ABOUT THIS TASK ▸ Line by line, restate the material exactly.

RECORDS ▸
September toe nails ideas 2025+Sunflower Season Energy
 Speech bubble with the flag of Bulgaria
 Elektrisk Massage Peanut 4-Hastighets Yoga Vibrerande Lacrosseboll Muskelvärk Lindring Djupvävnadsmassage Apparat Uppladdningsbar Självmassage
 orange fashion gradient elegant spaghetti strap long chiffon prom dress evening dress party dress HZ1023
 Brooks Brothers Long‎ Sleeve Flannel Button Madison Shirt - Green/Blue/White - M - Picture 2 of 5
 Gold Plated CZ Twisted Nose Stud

THE COMPLETED TASK ▸
September toe nails ideas 2025+Sunflower Season Energy
 Speech bubble with the flag of Bulgaria
 Elektrisk Massage Peanut 4-Hastighets Yoga Vibrerande Lacrosseboll Muskelvärk Lindring Djupvävnadsmassage Apparat Uppladdningsbar Självmassage
 orange fashion gradient elegant spaghetti strap long chiffon prom dress evening dress party dress HZ1023
 Brooks Brothers Long‎ Sleeve Flannel Button Madison Shirt - Green/Blue/White - M - Picture 2 of 5
 Gold Plated CZ Twisted Nose Stud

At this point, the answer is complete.